* TASK GOAL: Keep to one stretch of the data below, the lines from the one with "Leonidas Sportgala der" up to and including the one with "Beachside Villas #312 3", and return that stretch exactly.

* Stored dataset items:
((
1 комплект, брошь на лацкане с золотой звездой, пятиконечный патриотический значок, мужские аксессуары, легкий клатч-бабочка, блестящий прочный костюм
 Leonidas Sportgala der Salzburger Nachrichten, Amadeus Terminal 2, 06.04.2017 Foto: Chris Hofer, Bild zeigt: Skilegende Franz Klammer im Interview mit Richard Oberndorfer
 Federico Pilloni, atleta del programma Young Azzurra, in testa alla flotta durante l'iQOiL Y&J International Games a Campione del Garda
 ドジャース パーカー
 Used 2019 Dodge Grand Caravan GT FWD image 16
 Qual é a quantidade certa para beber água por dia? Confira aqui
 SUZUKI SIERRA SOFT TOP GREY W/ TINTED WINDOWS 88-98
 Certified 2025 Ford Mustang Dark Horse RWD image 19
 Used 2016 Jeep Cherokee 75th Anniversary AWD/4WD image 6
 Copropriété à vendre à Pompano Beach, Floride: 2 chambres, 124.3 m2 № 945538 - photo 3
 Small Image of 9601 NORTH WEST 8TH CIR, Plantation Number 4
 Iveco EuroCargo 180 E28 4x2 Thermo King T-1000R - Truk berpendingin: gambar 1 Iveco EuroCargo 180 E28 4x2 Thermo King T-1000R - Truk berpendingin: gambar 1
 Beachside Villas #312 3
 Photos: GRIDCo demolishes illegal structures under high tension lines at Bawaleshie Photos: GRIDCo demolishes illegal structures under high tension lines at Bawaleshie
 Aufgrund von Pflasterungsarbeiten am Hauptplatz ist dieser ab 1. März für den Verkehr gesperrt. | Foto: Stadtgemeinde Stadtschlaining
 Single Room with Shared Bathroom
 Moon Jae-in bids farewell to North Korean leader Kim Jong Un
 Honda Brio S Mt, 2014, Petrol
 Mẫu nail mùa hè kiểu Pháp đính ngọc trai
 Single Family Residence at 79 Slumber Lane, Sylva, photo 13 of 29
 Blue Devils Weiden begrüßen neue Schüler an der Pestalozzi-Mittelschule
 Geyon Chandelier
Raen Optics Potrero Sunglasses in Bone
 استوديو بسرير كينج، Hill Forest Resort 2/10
))
* WRITTEN ANSWER:
 Leonidas Sportgala der Salzburger Nachrichten, Amadeus Terminal 2, 06.04.2017 Foto: Chris Hofer, Bild zeigt: Skilegende Franz Klammer im Interview mit Richard Oberndorfer
 Federico Pilloni, atleta del programma Young Azzurra, in testa alla flotta durante l'iQOiL Y&J International Games a Campione del Garda
 ドジャース パーカー
 Used 2019 Dodge Grand Caravan GT FWD image 16
 Qual é a quantidade certa para beber água por dia? Confira aqui
 SUZUKI SIERRA SOFT TOP GREY W/ TINTED WINDOWS 88-98
 Certified 2025 Ford Mustang Dark Horse RWD image 19
 Used 2016 Jeep Cherokee 75th Anniversary AWD/4WD image 6
 Copropriété à vendre à Pompano Beach, Floride: 2 chambres, 124.3 m2 № 945538 - photo 3
 Small Image of 9601 NORTH WEST 8TH CIR, Plantation Number 4
 Iveco EuroCargo 180 E28 4x2 Thermo King T-1000R - Truk berpendingin: gambar 1 Iveco EuroCargo 180 E28 4x2 Thermo King T-1000R - Truk berpendingin: gambar 1
 Beachside Villas #312 3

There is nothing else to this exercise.